━━━ Data for analysis ━━━
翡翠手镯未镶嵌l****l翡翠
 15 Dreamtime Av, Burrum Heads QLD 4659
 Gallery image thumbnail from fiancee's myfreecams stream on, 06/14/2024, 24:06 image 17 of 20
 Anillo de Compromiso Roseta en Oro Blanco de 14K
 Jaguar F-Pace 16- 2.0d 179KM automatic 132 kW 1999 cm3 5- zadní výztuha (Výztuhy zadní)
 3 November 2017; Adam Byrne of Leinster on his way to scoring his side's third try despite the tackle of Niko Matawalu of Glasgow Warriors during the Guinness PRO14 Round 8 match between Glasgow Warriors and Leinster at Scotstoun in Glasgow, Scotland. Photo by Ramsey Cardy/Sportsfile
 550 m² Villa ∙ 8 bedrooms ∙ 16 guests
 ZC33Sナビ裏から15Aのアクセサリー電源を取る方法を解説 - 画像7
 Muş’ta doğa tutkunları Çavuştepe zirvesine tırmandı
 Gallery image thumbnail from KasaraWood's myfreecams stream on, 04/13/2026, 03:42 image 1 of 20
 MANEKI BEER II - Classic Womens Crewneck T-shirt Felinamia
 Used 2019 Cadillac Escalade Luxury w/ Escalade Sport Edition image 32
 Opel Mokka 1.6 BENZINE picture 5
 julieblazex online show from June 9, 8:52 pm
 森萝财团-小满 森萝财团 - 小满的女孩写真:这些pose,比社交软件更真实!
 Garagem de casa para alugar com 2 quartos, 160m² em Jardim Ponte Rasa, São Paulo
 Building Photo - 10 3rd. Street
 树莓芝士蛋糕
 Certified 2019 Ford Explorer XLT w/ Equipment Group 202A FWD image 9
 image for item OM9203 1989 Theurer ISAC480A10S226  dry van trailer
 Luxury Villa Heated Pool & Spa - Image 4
━━━
## [Brief]
Print, without alteration, only the lines above between the one holding "Anillo de Compromiso" and the one holding "Muş’ta doğa tutkunları", inclusive.

## [Your solution]
 Anillo de Compromiso Roseta en Oro Blanco de 14K
 Jaguar F-Pace 16- 2.0d 179KM automatic 132 kW 1999 cm3 5- zadní výztuha (Výztuhy zadní)
 3 November 2017; Adam Byrne of Leinster on his way to scoring his side's third try despite the tackle of Niko Matawalu of Glasgow Warriors during the Guinness PRO14 Round 8 match between Glasgow Warriors and Leinster at Scotstoun in Glasgow, Scotland. Photo by Ramsey Cardy/Sportsfile
 550 m² Villa ∙ 8 bedrooms ∙ 16 guests
 ZC33Sナビ裏から15Aのアクセサリー電源を取る方法を解説 - 画像7
 Muş’ta doğa tutkunları Çavuştepe zirvesine tırmandı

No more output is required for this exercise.